Gove ‘British values’, political prying

The ‘Trojan horse’ measures are nothing new – but never mind those at the chalkface when you need a quick soundbite.

How can one best manage a government fiasco in such a way as to appear decisive and in control? Shift the focus of public indignation on to a scapegoat or two, preferably figures of opprobrium already existing in the national psyche – it’s just much easier that way. This cynical line of thought best explains Michael Gove’s headline-grabbing “Trojan horse” measures.

Schools will now have no-notice Ofsted inspections and have to teach “British values”, both of which will strike those at the chalkface as decidedly customary rather than innovative, but who cares for details when soundbites are what you are after? The education secretary is being bullish after a bruising week.

Michael Wilshaw, the head of Ofsted, insisted on Newsnight last night that he had tabled the idea of no-notice Ofsted inspections two years earlier. One might be forgiven for thinking that schools are, as in the olden days, given a week or even a few days’ notice. The truth is that we are informed at midday that Ofsted will arrive for inspection the following morning. The idea that the majority of institutions can hide the true nature of teaching and learning within a 12-hour window is implausible.

Schools currently due an inspection exist in a state of high alert, with students routinely assessed in order to produce data that will attest to how good or outstanding their teachers are. Staff morale is, invariably, low as colleagues find their workloads unmanageable and relentless. Rates of burnout for both students and staff are unsurprisingly high.

As a teacher, I am for no-notice inspections if it means we can have an honest dialogue about what a manageable workload is for teachers, and that expectations are reassessed accordingly. The danger with Gove’s “snap” decision is that this will not happen. Instead, unrealistic demands will continue to be made. Outstanding is not possible for six lessons, five days a week; the meaning of the word becomes redundant if that were to be the case.

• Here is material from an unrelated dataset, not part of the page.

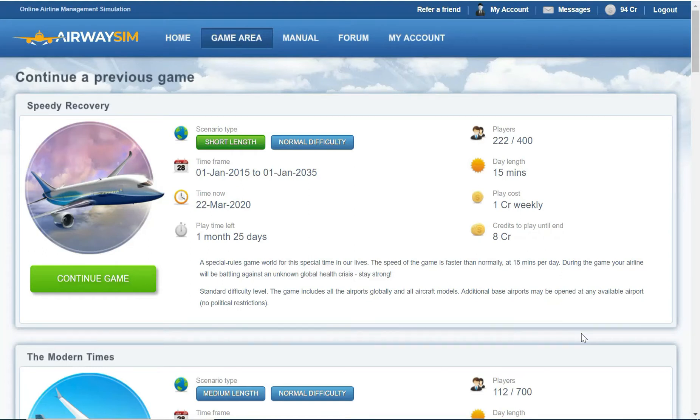Hi YouTube! Welcome to another video with the Aviation Enthusiast on Airwaysim. Today is going to be the fifth video I make on the training for a speedy recovery game world. So without further ado, let's just go in and see where we're at.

What is realistic is that a good teacher will veer on the continuum between outstanding to satisfactory to good and back again. This should be expected as we are not automatons, yet in our current climate it is sacrilege to state what is patently true. Ofsted’s own teaching judgments become a subjective and arbitrary guesstimation of a teacher’s capabilities.

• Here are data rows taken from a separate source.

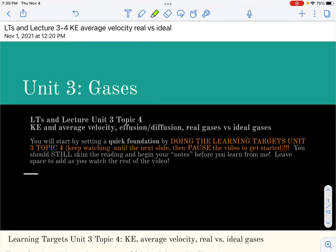This is the fourth and final lecture in the gases unit. It's going to cover kinetic energy and average velocity, which you would have learned about on the gizmo with the Maxwell-Boltzmann graphs. It's also going to cover rates of effusion and diffusion based on average molecular speed and kinetic energy, as well as real gases versus ideal gases — some ways that gases might not behave the way we've described in this unit.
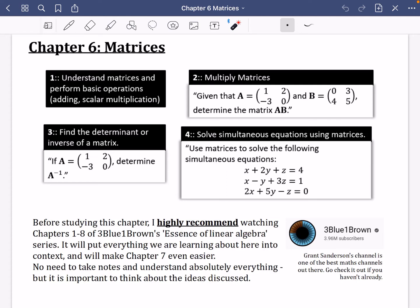Chapter six is on matrices, which is really a brand new area of maths. There are some key things to point out, but they won't make a lot of sense until we've really understood what matrices are.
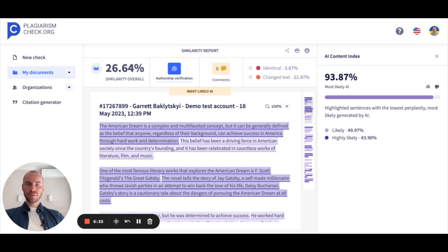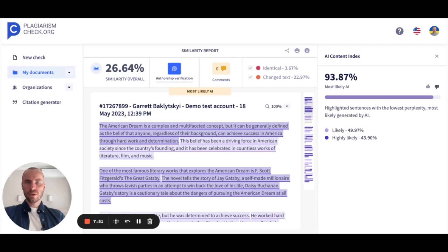Currently, our model has up to 97% accuracy and extremely low false positives. If you have any questions about how our AI detector works or you would like to test how it works for your organization, please contact support at plagiarismcheck.org or click on the link in the description to this video.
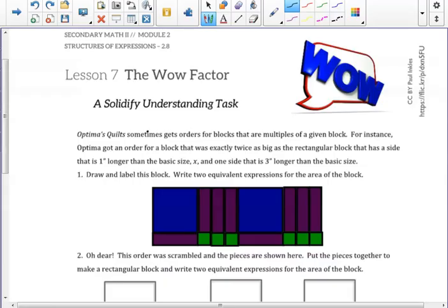In the previous lesson, we saw how we can use rectangles to represent the area of orders received by Optimus Quilt Shop. We summarized the lesson by determining that we can factor a quadratic when a is equal to 1 by finding two numbers that multiply to c and add to the b value. In this lesson, we are going to expand our understanding of how to factor when our a value is not 1 for the quadratic function.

Gove’s other show of strength was the apparent introduction of British values into our curriculum. For those wondering, British values are not weather-related moaning; neither are they the phrasing of commands as though they were questions. Instead they are focused on respect for fellow citizens, the rule of law and democracy. We might ask how these values are uniquely British rather than, say, Icelandic. Or why a government minister, aware of the staggering rise in Islamophobia, is happy to mouth empty nationalistic phrases. Shameful cabinet squabbling can always be defused with talk of saving Britain and Britishness from a mass of marauders. It is also, rather conveniently, well-worn Ukip territory. Hitting two birds must be a satisfying achievement.

Tough talk on having “all schools actively [promoting] British values” suggests that this is something not already in place. Yet it is exactly what the citizenship curriculum, compulsory since 2002, has been designed to do. Rather than admit that it is free schools and academies that are failing to teach British values because Gove gave them powers to “free” themselves from the very national curriculum he is now passionately invoking, he has instead chosen to lump all schools together.

Presenting this as an endemic problem serves to eliminate the need to confess that on free schools he may have got some things wrong. But then this is the same man who is happy to quietly raid £400m from a fund that guarantees school places for pupils in order to plug a massive financial “black hole”‘ in his pet project.

There’s nothing new about Gove’s major proposals – it’s the age-old tale of politicians playing politics with people as pawns.